Short web captions:
*** Block opens ***

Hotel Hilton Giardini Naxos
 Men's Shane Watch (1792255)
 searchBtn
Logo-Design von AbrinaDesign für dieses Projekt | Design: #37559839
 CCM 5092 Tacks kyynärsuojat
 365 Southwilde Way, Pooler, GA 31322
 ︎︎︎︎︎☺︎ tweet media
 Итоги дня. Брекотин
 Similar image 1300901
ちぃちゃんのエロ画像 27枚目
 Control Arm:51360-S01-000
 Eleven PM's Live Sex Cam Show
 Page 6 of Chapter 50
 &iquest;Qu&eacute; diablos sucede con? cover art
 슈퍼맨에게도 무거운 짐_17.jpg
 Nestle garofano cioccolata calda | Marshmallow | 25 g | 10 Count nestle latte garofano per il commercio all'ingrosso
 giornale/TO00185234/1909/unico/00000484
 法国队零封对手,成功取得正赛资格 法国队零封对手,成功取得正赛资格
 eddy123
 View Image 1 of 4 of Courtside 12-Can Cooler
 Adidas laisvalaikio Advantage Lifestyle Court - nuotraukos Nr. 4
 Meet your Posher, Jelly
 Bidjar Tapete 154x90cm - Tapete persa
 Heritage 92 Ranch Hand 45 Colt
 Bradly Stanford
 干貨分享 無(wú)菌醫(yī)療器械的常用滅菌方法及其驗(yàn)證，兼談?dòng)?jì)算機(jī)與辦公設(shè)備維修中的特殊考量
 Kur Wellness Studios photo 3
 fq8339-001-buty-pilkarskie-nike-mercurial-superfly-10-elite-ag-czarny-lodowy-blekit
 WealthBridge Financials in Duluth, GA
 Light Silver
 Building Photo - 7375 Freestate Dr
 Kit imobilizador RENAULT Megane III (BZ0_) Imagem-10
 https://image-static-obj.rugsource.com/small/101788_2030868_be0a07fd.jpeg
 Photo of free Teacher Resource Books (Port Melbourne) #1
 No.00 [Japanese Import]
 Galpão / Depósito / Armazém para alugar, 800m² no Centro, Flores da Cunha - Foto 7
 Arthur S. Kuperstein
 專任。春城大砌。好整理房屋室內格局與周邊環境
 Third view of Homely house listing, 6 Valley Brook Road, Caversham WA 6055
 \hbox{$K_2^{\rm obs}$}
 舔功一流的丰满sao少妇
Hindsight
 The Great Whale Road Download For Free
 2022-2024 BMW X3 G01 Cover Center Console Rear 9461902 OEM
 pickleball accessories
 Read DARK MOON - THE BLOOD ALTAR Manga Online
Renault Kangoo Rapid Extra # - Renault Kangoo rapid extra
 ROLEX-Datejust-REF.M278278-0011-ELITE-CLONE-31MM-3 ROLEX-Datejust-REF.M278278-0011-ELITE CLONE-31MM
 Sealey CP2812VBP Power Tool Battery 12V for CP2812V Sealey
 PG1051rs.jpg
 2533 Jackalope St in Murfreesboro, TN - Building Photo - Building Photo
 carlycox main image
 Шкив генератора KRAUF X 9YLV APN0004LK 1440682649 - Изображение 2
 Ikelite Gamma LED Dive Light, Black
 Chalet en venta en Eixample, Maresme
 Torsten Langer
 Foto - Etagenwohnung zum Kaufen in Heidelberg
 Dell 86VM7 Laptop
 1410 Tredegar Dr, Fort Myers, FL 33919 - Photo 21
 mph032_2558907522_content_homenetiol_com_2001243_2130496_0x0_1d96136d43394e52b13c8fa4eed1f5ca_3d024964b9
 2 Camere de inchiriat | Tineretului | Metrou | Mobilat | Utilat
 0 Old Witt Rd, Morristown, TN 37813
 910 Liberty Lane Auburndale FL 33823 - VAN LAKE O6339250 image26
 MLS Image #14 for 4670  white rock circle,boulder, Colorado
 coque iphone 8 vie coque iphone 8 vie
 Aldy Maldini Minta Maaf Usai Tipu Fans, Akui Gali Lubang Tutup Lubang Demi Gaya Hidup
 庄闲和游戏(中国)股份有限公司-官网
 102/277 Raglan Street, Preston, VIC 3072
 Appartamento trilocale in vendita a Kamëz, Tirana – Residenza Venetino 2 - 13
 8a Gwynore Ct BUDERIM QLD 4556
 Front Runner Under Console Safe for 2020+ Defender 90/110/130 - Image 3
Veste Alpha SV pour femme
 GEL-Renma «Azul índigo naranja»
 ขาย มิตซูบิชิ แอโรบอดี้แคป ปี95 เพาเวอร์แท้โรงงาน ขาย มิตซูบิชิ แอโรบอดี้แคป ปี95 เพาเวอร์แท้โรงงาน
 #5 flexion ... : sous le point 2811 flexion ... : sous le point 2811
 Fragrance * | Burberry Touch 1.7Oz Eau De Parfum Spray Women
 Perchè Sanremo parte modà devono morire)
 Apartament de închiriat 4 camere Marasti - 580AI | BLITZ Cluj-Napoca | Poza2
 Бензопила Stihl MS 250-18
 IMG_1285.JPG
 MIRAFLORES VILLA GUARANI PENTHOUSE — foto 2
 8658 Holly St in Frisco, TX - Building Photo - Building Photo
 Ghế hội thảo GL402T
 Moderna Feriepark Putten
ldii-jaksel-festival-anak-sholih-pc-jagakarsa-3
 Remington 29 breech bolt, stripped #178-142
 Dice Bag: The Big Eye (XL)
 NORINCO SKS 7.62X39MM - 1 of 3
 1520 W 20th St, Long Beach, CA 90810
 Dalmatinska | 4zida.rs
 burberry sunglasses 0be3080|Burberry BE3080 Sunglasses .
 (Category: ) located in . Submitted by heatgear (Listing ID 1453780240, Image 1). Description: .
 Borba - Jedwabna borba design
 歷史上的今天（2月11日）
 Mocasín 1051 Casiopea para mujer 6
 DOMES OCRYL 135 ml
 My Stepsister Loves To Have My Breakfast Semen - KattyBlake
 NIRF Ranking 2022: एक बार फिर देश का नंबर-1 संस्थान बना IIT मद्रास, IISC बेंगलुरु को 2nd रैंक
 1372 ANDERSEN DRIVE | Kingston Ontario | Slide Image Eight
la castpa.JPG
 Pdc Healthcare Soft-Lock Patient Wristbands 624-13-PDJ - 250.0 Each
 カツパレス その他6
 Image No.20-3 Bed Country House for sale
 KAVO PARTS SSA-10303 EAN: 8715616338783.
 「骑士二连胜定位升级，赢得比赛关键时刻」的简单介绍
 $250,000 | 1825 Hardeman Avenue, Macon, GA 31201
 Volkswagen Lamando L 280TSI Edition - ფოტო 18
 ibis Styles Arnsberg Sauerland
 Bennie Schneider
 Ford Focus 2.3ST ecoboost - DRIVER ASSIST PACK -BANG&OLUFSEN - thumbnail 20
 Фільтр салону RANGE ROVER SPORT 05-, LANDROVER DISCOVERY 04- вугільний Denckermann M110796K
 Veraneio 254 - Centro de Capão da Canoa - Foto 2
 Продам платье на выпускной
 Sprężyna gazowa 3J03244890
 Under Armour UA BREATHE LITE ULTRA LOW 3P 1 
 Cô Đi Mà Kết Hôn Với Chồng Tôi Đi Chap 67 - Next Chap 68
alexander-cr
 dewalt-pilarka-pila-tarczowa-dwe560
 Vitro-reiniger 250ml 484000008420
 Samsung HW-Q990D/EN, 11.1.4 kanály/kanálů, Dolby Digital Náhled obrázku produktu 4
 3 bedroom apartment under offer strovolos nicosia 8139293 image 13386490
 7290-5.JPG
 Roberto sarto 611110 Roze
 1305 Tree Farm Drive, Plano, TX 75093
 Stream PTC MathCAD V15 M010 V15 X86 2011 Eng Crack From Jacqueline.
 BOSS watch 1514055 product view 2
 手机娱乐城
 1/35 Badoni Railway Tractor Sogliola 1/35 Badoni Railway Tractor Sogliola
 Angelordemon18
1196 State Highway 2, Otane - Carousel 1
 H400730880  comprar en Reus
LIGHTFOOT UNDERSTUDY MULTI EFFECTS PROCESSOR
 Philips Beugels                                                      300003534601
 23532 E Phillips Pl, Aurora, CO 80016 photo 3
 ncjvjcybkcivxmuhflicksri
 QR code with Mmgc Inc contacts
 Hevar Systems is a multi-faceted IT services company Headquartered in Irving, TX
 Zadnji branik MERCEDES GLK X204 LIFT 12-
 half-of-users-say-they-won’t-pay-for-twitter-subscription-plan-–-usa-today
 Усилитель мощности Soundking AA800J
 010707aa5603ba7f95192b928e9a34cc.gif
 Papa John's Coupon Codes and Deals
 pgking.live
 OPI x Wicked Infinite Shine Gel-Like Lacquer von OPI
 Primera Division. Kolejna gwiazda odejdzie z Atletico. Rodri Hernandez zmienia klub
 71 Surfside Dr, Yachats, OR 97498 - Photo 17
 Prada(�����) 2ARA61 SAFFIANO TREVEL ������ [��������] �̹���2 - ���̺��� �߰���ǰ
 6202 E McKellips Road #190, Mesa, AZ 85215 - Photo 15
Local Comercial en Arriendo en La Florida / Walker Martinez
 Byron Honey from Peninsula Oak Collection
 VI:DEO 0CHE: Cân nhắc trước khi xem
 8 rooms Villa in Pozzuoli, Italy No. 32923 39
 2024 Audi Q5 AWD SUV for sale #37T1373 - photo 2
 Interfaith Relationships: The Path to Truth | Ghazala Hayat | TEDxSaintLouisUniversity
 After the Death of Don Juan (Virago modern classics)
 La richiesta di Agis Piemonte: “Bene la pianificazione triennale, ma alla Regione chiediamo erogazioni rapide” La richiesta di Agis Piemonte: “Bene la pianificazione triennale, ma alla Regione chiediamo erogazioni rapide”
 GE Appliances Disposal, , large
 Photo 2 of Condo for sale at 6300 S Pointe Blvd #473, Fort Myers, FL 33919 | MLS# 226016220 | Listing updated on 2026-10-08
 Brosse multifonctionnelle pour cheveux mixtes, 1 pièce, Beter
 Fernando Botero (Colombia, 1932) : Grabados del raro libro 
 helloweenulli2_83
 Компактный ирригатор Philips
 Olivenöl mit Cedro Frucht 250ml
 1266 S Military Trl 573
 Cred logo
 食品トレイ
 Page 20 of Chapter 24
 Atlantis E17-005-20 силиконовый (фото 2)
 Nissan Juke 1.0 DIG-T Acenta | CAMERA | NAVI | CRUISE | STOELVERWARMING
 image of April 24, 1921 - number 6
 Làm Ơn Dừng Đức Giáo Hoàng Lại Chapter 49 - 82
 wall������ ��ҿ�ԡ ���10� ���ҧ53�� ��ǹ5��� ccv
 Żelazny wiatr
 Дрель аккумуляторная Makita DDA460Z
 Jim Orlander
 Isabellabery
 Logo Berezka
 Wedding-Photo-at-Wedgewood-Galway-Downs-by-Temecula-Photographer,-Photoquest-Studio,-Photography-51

*** Block closes ***

**Problem statement:** The answer should be a single number giving how many lines in the records hold the word "para".

**Task output:** 2